Haltes routières

Thomas-Bernard Kenniff

​Le développement du réseau routier québécois vers la moitié du XXe siècle est un des projets marquant du Québec moderne. On peut y lire à la fois la modernisation de l’État par le développement de voies de communication plus rapides sur une grande partie de la province ainsi que la territorialisation même de cet État. Ce dernier se définit alors à même l’emprise sur le territoire que lui confère son réseau de mobilité. Depuis les années 1960, le développement du réseau routier va de pair avec l’assurance de services aux usagers de la route.

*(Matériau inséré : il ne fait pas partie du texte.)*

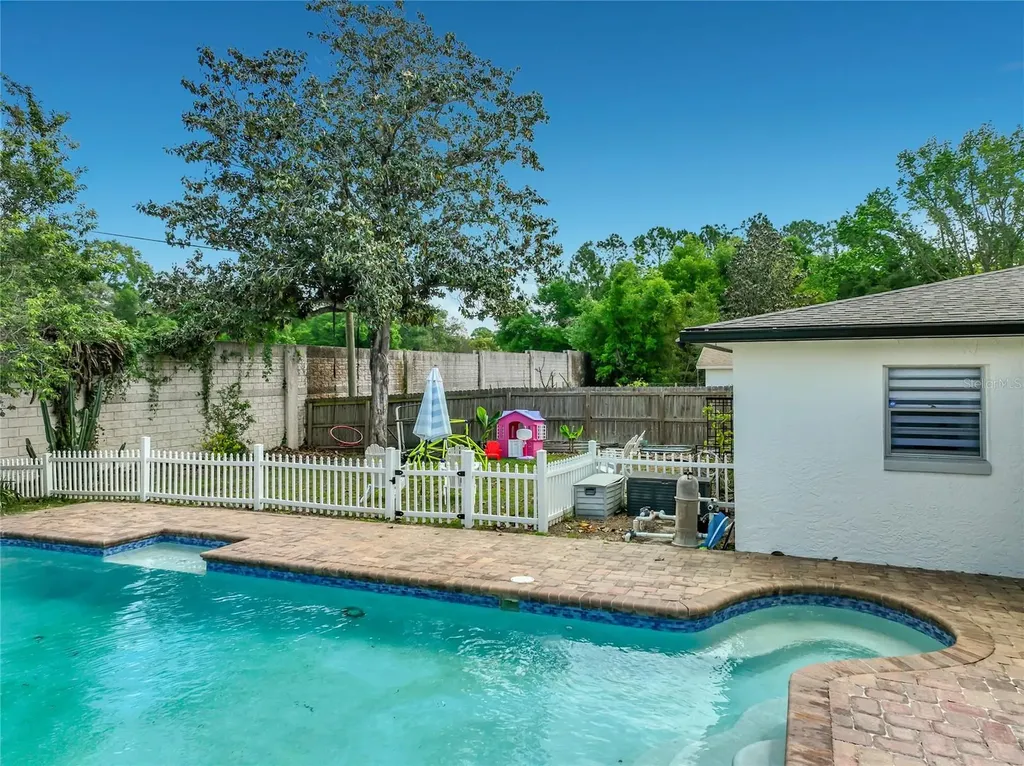 5317 Myrica Road Orlando FL 32810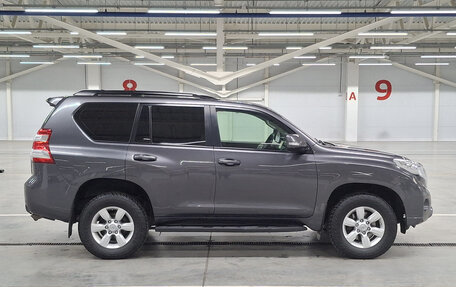 Toyota Land Cruiser Prado 150 рестайлинг 2, 2015 год, 2 950 000 рублей, 8 фотография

La construction des haltes routières, des toilettes publiques, des aires de pique-nique, des belvédères et, plus récemment, des aires de service, constitue en soi un projet parallèle de couverture du territoire. Ce projet de recherche-création s'intéresse au réseau des haltes routières du Québec en tant qu'interface entre le corps social et l'appareil gouvernemental.

Extrait de l'article Séparations le long de l'autoroute transcanadienne publié dans Échelles, no.1, 2017:

Lorsqu’on s’arrête à une halte routière, où s’arrête-t-on, exactement ? Au Québec, le long de l’autoroute transcanadienne, de grands panneaux bruns, du brun des panneaux « attraits publics », nous indiquent l’accès à des espaces parallèles : toilette, table de pique-nique, conifère, café, téléphone, accessibilité universelle, eau potable (parfois). Les haltes n’affichent pas leurs noms ; noms administratifs qui font pourtant rêver : Halte des Hurons, Halte de L’Érable, Halte du Lac-à-la-Truite, Halte des Belles-Amours, Halte des Monadnocks. Ces noms pointent ailleurs, vers une géographie de l’invisible et de l’inconnu. Alors, où s’arrête-t-on, exactement? Ou, plus précisément, dans quoi s’arrête-t-on? Il y a bien, ici, un peu de nulle part? Et pourtant. S’arrêter dans une halte routière, c’est s’arrêter au cœur d’un agencement parmi lequel de multiples vecteurs identitaires glissent et se croisent. La halte routière révèle à ceux qui s’y intéressent ou s’y attardent, la forme de structures sociales, d’idéologies économiques, de distinctions sexuelles, d’expressions et de normes culturelles.